Though there is no shortage of offensive content on the internet, the antisemitic Jaws shirts exemplify part of what makes online shopping so strange in an era when recommendation algorithms and ultra-fast production cycles have collided.
For one, the shirts exist in a sort of liminal space: it’s a digital rendering of a garment, likely produced via a print-on-demand service that only creates the item once an order has been placed. In other words, you’re buying a product that doesn’t yet exist (and it’s not clear if anyone has even purchased the shirt at all). The TikTok Shop storefronts reviewed by The Verge exclusively peddle this kind of product: dozens or hundreds of solid color short sleeve T-shirts with designs that look like they were scraped off Instagram or Google Images. In the storefront that sold the Jaws shirt, the selection of products is random (“Meow’s it going?” with an image of a cat) and ideologically incongruous (“Immigrants are not criminals, but the president is”). Though it’s not clear where the Jaws edit originated from, the breadth and scale of these T-shirt businesses suggest that many of these storefronts are not operating solely to sell antisemitic garbage. They will sell anything, because print-on-demand and drop-shipping negates the need for inventory. These sellers will list as many designs and products as possible, a strategy not too different from the long-tail incentives of spam or phishing. It’s the same system that makes Etsy stores with cutesy products promoting liberal causes suddenly churn out items with pro-Trump messages. The bottomless potential of e-commerce means you lose nothing by flooding the zone.
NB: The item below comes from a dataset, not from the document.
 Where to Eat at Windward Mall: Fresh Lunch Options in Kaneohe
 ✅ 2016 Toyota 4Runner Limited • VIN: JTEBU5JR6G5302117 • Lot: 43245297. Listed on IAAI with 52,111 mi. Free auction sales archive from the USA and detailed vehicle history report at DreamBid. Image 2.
It’s just one of a thousand digital listings with zero inventory meant to fill a spot in a feed
The other thing about the Jaws shirts is the role that the platforms play in hosting, elevating, or burying products. It’s hard to find the shirt on TikTok: a search on TikTok Shop for “Jews,” for example, returns nothing because the company has disabled the search term. (Meanwhile, a search for “Jew” pulls up listings for jewelry.) Users reported encountering the shirt while scrolling through their For You page, which, in recent years, has included more and more TikTok Shop content. The offensive products are both promoted and suppressed — they are for sale on the platform yet impossible to find, only popping up for some users when their algorithms deem them a target audience. How many people actually went ahead and ordered the Jaws shirt is another thing, and it likely doesn’t matter even to the entity selling it; it’s just one of a thousand digital listings with zero inventory meant to fill a spot in a feed.
The same or similar shirts can be found on other platforms like Amazon and Shopify, and the Anti-Defamation League called out Shopify last week for hosting storefronts selling the item. Amazon declined to comment, but the listing for the T-shirt was removed after The Verge asked about it. TikTok and Amazon have rules against hate speech and offensive content, respectively, that apply to product listings, but their systems can’t catch everything. And as long as there is incentive to spam marketplaces with the lowest quality products, the stream of junk will continue.
There is more for sale than ever before — including hateful clothing — yet shopping online feels monotonous. By now, we all know our place in this equation: the hustlers pump out SKUs, shoppers sift through a firehose of fake (in more than one sense of the word) products, and platforms promise to clean up their act. The listings for sale today might be gone tomorrow, but there will always be more where those came from.